The income adjustment is neutral under the VAT Act
Since the adjustment to a determined level of profitability received or paid by the company does not relate to specific invoices, individual items of these invoices or prices originally applied (there is no direct influence on the product prices), the payment made or received by the company as a profitability adjustment will not result in an adjustment of VAT settlements concerning the sale of goods and services to a related party. Such a position was presented by the Director of National Tax Information in a tax interpretation of 3 January 2020.
Presented position is in line with the established interpretation line of tax authorities.
Renting a residential property as part of the business activity will not be exempt from VAT
A tenant who is an entrepreneur sublets or provides his employees with rented accommodation free of charge. Pursuant to the judgment of the Provincial Administrative Court in Kraków of 14 November 2019, such property pursue a residential purpose, but this purpose is not exclusive. In such a case, it cannot be assumed that the lease realized by this entrepreneur is covered by the exemption under art. 43 par. 1 point 36 of the VAT Act as the use of a residential property „solely for residential purposes”. The presented view is in line with the jurisprudence of the Supreme Administrative Court, according to which the VAT exemption of a lease of residential premises is an intentional exemption aimed at protecting tenants of residential premises that actually satisfy their housing needs through this lease.
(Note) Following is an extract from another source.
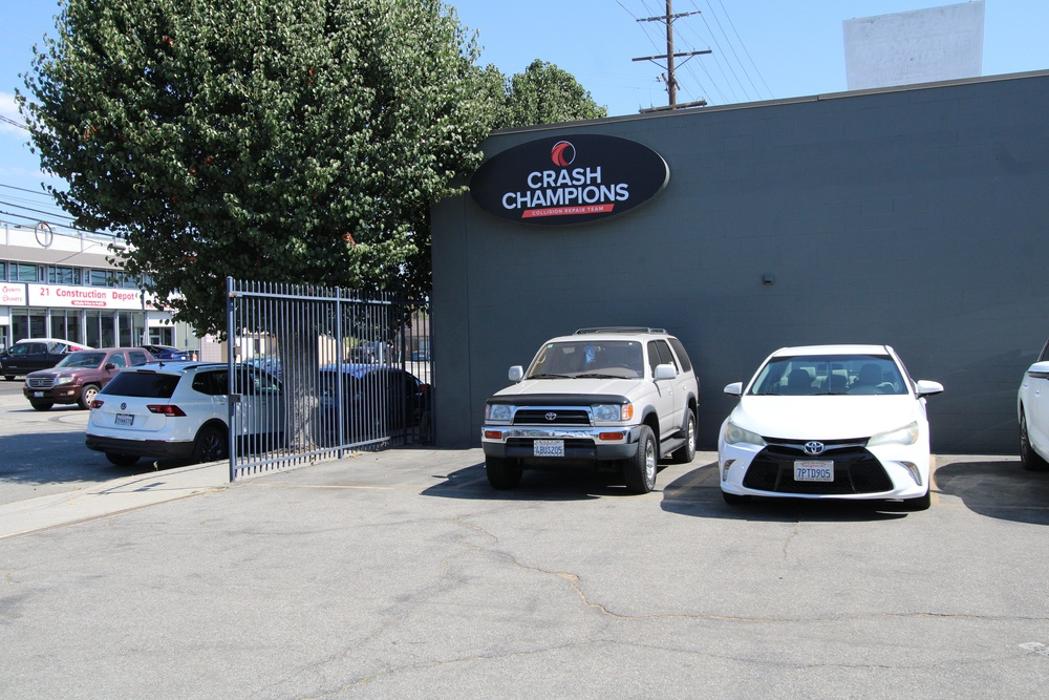 Crash Champions Collision Repair Van Nuys Oxnard Image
Tax neutrality of the confusion of receivables and liabilities under the CIT Act
In the case of takeover of the assets of a liquidated subsidiary, no tax revenue will arise as a result of the expiry of mutual liabilities and receivables, including those resulting from loans granted to the subsidiary (taking into account the principal and accrued interest). Expiry of liabilities as a result of confusion takes place by operation of law following the accumulation in the hands of one entity of the creditor’s rights and the debtor’s obligations. In such situation both the debt and the corresponding claim shall expire. Therefore, both assets and liabilities of the company taking over the assets of the liquidated subsidiary will be reduced. Such a position was taken by the Director of National Tax Information in a tax interpretation of 8 January 2020.
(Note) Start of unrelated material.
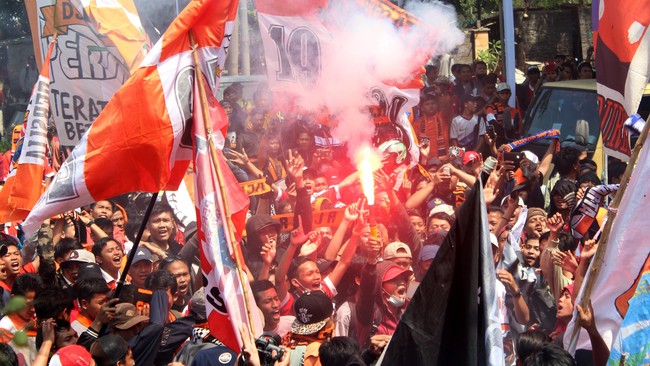 Operator ISC langsung menjatuhkan sanksi secara cepat kepada Persija karena flare yang dinyalakan oknum suporter Macan Kemayoran, The Jakmania, di stadion.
Costs related to the purchase of shares in a subsidiary, such as interest and fees on a loan and costs of a bank guarantee should be included in tax costs on the date they are incurred
The costs of a loan taken out for the purchase of shares in a subsidiary and a bank guarantee granted, i.e. fees, commissions and interest, shall not be considered as expenditure on the purchase of shares, but as payment for the loan. Therefore, they are tax deductible at the date of their payment or capitalization. Such expenditure should be classified as non-direct costs, as it is not directly reflected in the received revenue but is a condition for obtaining it. Expenditure on the acquisition of shares includes expenditure which directly determines the acquisition of these shares (such expenditure without which effective acquisition of the shares would not be possible). Such expenditures are e.g. share purchase price, notary fees, brokerage commission, tax on civil law transactions related to the purchase of shares.
This position was held by the Director of National Tax Information in a tax interpretation issued on 20 December 2019.
No WHT due on computer program license
In a judgment of 19 November 2019, the Provincial Administrative Court in Gliwice ruled that remuneration paid to a Croatian company for using computer software is not subject to withholding tax under the Polish-Croatian Double Tax Convention. The definition of royalties expressed in this convention does not include remuneration for the use of computer software, as it is in other conventions with e.g. Kazakhstan, Portugal or Norway. Therefore, revenue for the use of the software must be classified as profits of an enterprise taxed in the licensor’s State of establishment. The judgment is not final.